Sometimes, in order to look forward one has to cast their eyes back to the past. Or, confusingly, back to the Futures. For American rock stalwarts Jimmy Eat World, that seems the case on their plaintive comeback, ‘Sure and Certain’.
There’s something refreshingly vintage about the Mesa four-piece’s return; the playful, but scrawny, typeface that adorns their new logo, suggesting a band both renewed with vigour and refreshed with their past. The grainy images that have greeted their two new singles (the other one being the menacing strut of ‘Get Right’) follow suit – a glimpse of youthful uncertainty, of widescreen longing, of venturing into the unknown dusk. Musically, those pangs of emotion have never been articulated so passionately and convincingly as when they’ve been at the hands of Jim Adkins and co.
‘Sure and Certain’ belies its affirmative moniker with a track that’s drenched in the same troubles and confusions that have nourished the group’s best work. With their new album Integrity Blues primed for October, ‘Sure and Certain’ begins with a forlorn chug of scuzzy distortion and Zach Lind’s propulsive drumming as Adkins ponders: “the clever ways I try to change, happen and pass leaving me the same.”
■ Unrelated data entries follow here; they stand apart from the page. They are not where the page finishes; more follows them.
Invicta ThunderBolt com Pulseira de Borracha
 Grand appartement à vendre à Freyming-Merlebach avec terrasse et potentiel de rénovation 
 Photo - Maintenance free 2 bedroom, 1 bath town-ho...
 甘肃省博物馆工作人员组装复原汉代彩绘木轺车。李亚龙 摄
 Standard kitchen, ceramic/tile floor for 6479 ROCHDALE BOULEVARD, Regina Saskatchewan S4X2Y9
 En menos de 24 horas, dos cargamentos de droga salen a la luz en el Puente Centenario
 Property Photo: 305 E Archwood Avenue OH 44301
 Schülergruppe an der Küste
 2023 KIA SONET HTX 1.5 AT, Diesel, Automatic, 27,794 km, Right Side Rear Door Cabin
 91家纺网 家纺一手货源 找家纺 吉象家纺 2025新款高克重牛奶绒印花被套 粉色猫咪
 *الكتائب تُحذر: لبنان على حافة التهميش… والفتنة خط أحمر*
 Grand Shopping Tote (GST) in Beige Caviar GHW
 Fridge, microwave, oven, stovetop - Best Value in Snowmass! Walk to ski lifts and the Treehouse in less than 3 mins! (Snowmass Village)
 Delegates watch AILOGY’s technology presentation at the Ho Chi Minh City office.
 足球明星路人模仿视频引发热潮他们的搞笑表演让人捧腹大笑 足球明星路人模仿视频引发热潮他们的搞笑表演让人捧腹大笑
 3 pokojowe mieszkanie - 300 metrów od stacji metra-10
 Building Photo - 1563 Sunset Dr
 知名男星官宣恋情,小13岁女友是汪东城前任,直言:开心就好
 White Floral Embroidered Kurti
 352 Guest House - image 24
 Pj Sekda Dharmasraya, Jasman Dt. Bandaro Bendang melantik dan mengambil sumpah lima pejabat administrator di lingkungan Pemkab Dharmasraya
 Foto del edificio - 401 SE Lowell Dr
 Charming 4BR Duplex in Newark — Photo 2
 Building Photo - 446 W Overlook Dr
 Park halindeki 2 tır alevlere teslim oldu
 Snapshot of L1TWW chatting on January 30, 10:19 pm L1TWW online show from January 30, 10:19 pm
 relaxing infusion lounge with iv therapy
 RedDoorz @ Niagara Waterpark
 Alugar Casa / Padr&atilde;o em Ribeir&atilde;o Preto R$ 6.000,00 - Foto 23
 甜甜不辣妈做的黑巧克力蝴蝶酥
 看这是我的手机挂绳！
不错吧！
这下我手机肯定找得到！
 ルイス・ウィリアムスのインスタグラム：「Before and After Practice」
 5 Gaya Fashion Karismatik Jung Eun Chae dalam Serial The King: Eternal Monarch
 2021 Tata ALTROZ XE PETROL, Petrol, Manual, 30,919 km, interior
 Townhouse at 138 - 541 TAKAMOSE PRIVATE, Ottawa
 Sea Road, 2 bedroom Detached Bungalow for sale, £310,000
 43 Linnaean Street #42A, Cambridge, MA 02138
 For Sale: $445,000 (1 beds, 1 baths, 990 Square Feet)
It allows for two intriguing segues, one a hushed embrace of arpeggios and minimal percussion, and another blaze of rhythmic distortion and barnstorming drum work that bleeds into the chorus, where Adkins laments: “lost and lurking, wonder till we’re cold” over Tom Linton’s tense, thick slabs of guitar lashings.
‘Sure and Certain’ offers JEW’s usual blend of hazy longing and unkempt fury in a refreshingly lo-fi sound, mixing Futures‘ urgent emotions with the raw orchestrals of Clarity. Furthermore, it provokes the same feelings of adolescent angst that the band have, thankfully, never left behind.